People felt unfulfilled. They felt they had these true selves that weren’t being recognized. In the absence of a common cultural framework previously set by religion, people were at a loss. Psychology and psychiatry stepped into that breach. In the medical profession, treating mental health has a therapeutic mission, and it became legitimate to say the objective of society ought to be improving people’s sense of self-esteem.

This became part of the mission of universities, which made it difficult to set educational criteria as opposed to therapeutic criteria aimed at making students feel good about themselves. …

Instead of saying we want to read authors that are outside the [Western] canon because they’re important educationally and historically and culturally, the way it’s framed by that student leader [in Stanford’s Black Student Union in the late 1980s] is that the exclusion of those authors hurts people’s self-esteem: Because my people are not equally represented, I feel less good about myself. That is part of the motive that drives administrators and professors to expand the curriculum, to fulfill an understandably therapeutic mission.

This interferes with the educational mission of universities, Fukuyama says: “What makes students feel good about themselves is not necessarily what’s most useful to their education.”

He won’t go so far as to say identity politics threatens free speech, calling himself “ambivalent” based on the overall experience of libertarian scholar Charles Murray in his campus speaking gigs:

Charles Murray spoke at Stanford this winter. I was his interlocutor. We had a protest, but he got to say what he wanted to say. People listened. Charles Murray told me he’s been speaking all over the country, and that the Middlebury incident, while a bad one, wasn’t representative of the way he’s been received on campuses. …

A lot of topics are difficult to talk about on campus, but I wouldn’t say we have a general crisis of free speech. We still can debate a lot of issues.

He’s concerned that there are too few conservatives in academia in the sense of “thinkers who have different ideas and are not simply ideologues.”

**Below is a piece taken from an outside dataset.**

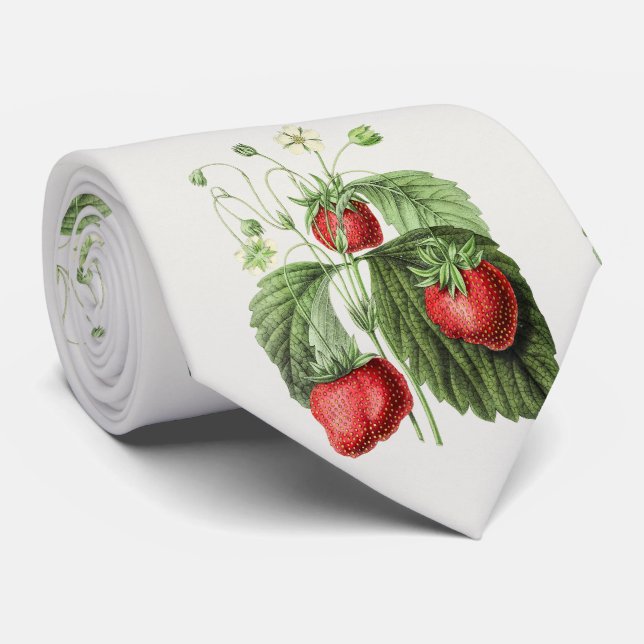 Vintage Strawberry Fruit Red Green White Art Neck Tie (Rolled)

His own academic experience as a thinker “aligned with the neoconservatives” in the 1980s and 1990s was different than similar thinkers because he taught at policy schools, which are a “bit more tolerant” than “certain humanities departments.”

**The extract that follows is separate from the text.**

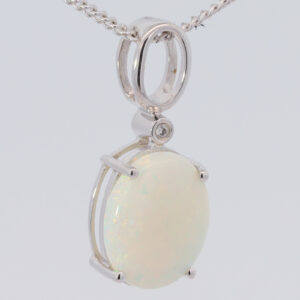 White Gold Blue Green Yellow Orange Pink Solid Australian White Opal and Diamond Pendant Necklace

Perhaps his biggest critique of how universities are run today is that they are too focused on being “global,” and he singles out Stanford:

If you read through all the things Stanford thinks it’s doing, it’s global this and global that. We’re preparing students to be global leaders. It’s very hard to find any dedication to a mission of promoting constitutional government, rule of law, democratic equality, in our own country. I’m not saying every student should take an American-government class — that’s not going to work for a lot of reasons. But universities need to better prepare future leaders in our own country.